Pull out of the data below the stretch of lines bounded by the one containing "Photo of the" and the one containing "身穿藏族服饰在古城拍照的少女图片", both bounds included, unchanged.

MATERIAL SHOWN:
================

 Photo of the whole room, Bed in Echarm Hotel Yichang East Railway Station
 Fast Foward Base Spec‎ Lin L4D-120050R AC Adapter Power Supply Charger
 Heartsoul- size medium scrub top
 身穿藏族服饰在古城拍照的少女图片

================

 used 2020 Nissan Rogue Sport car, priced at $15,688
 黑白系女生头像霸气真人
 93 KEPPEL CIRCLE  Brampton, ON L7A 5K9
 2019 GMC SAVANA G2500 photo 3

================

EXPECTED ANSWER:
 Photo of the whole room, Bed in Echarm Hotel Yichang East Railway Station
 Fast Foward Base Spec‎ Lin L4D-120050R AC Adapter Power Supply Charger
 Heartsoul- size medium scrub top
 身穿藏族服饰在古城拍照的少女图片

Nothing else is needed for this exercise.